Bizim mücadelemiz, kimsenin kurtarılmak zorunda kalmayacağı bir yarın için. Çalınmış yarınlardan kalanlarla yetinmek zorunda değiliz. Çalanlardan hesap sormak için marksist bir ekoloji hareketini benimsiyoruz. Cansu Yumuşak, Women at War, Hem de “Always” başlığını verdiği film değerlendirmesinde İzlandaca çekilmiş ve Benedikt Erlingsson tarafından yönetilmiş olan Woman at War filmini izlecine alıyor.
Devam eden gaz krizi, Avrupa’nın enerji sisteminin insanlara ve gezegene yönelik riskleri
toplumsallaştırırken kirleticilerin kârlarını özelleştirdiğinin en son hatırlatıcısı olarak yerini
Helin Nur Güler emeğiyle dergimizin bu sayısında alıyor.
Em(ek)oloji çalışmaları kapsamında yeni dosya konumuz için Türkiye’deki kadın emekçilerin
yakalandığı meslek hastalıkları ve kazalanma oranını inceleyen Derya Sever ve Sultan Gülsün tehlikeli işlerde kadın emekçilerin çalıştırılmadığına inanılıyor olsa da kadınların yaşadığı birçok sağlık sorunu ve karşı karşıya kaldığı risklerin sümen altı edildiğini tespit ediyor.

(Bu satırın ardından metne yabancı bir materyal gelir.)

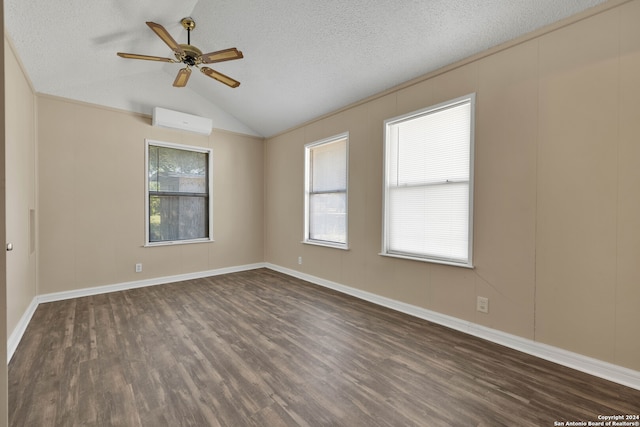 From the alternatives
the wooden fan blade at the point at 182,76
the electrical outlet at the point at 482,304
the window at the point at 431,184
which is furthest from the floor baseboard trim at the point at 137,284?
the electrical outlet at the point at 482,304

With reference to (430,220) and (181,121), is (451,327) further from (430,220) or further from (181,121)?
(181,121)

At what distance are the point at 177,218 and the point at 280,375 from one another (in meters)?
3.63

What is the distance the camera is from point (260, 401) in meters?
1.81

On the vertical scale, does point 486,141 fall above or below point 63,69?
below

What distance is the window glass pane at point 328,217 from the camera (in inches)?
170

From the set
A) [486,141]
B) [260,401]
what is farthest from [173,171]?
[486,141]

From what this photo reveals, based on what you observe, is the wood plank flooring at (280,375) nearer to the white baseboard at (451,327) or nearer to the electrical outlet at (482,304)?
the white baseboard at (451,327)

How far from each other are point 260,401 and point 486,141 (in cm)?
285

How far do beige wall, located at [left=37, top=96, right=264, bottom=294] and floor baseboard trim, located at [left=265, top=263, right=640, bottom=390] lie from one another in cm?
340

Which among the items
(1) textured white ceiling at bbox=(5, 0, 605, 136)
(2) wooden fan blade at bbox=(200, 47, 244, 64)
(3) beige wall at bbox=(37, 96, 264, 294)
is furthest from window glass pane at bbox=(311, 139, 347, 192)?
(2) wooden fan blade at bbox=(200, 47, 244, 64)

Görünmeyen Kadın emeği, İstatistiklerde İş kazaları ve Meslek Hastalıklarında
Buz Dağının Görünen Yüzü çalışması sizler ile.
Bu sayımızda heyecan ile beklenen Polen Çocuk bölümünü Öznur Cencik hazırladı.
Yaşasın emeğimiz!
Yaşasın ekoloji ve kadın mücadelemiz!